Paul
Goble
Staunton, June 28 – The Levada
Center poll concerning whom Russians see as the most outstanding statesmen of all
times and places has attracted most attention because it found that they list Soviet
dictator Joseph Stalin as number one with Vladimir Putin and Aleksandr Pushkin
tied for second.
But perhaps equally important is that
Russians did not list a single non-Russian in the top dozen: the highest ranked
of those was Napoleon at 14th place. But as Aleksey Makarkin points
out, there is in that too “not a little of Russian patriotism” because of “pride
about a victory over such a great military commander” (mk.ru/politics/2017/06/27/stalin-kak-obedinitel-polozhitelnye-ocenki-deyatelnosti-generalissimusa-primiryayut-lyudey.html).
For
Russians who took part in this poll, “Russia is undoubtedly the center of the
world, and foreign history interests them not very much.” Indeed, they are
inclined to list as outstanding statesmen Russian poets and novelists before
considering any political leader from any other country.
But
the most important finding of the poll that must be explained, the Moscow
commentator says, is the extremely high support Russians now display for
Stalin. “The simplest and completely true explanation of this phenomenon,”
Makarkin says, “lies in the authoritarian culture characteristic of Russian
society.”
Russian
society doesn’t respect institutions very much. Instead, it places its bets “on
a strong and just leader capable of imposing order.” And despite what many
think, the 1990s were not an exception in this regard. Many saw Boris Yeltsin at least initially as
a strong leader who could make changes. Only later did that change, the Moscow
commentator continues.
But
something far more fundamental is at work, Makarkin says. Stalin “unites people
who on other issues support very different views.” That is possible because
there are in effect many Stalins, and different people now can support that
Stalin they find most attractive ignoring all the others.
Thus,
some Russians may support Stalin because they are loyal to the current regime,
but only “if they see in Putin a continuer of the course of the Soviet leader.”

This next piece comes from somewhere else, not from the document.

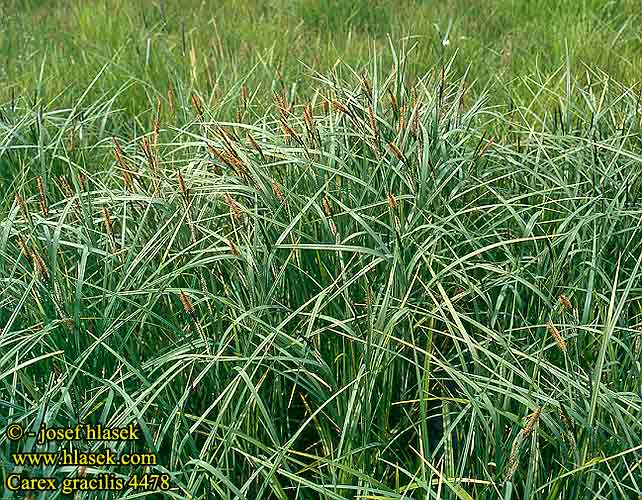 Carex gracilis acuta Slender Tufted-Sedge Carice palustre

But others may support him precisely because they reject Putin, viewing him as
insufficiently tough and aggressive and thus comparing him unfavorably with
Stalin.
Other
present-day Stalinists may be Russians who suffered in the 1990s and remember
Stalin as an ascetic leader who cracked down hard and justifiably against the
bourgeoisie. And still other “Stalinists”
can be found among those who view the Soviet leader as “’an effective manager’”
and as the man who won the war.
“In
this way,” Makarkin says, “Stalinism penetrates into various social groups. The
common cause is a lack of empathy and in the atomization of society which can
be united only for a time and only against an enemy which it is shown on the
television screen.” The sufferings of
others simply aren’t that important to them.
That
helps to unite a society which is otherwise not united, but what must be
remembered, Makarkin continues, is that not one of these groups “would want to
live in Stalin’s times. No one would want to be pulled from his warm bed and
carried off by the secret police. No one would want to lose his property, not
to speak about his life.”
At
the same time, he concludes, one shouldn’t see this lack of interest as a good
thing because “the justification of Stalinism by an enormous segment of
Russians doesn’t testify to the moral health of society.” Instead, it testified
to exactly the reverse, even if those who name him an outstanding leader don’t
really want to live under all the various Stalins he represented.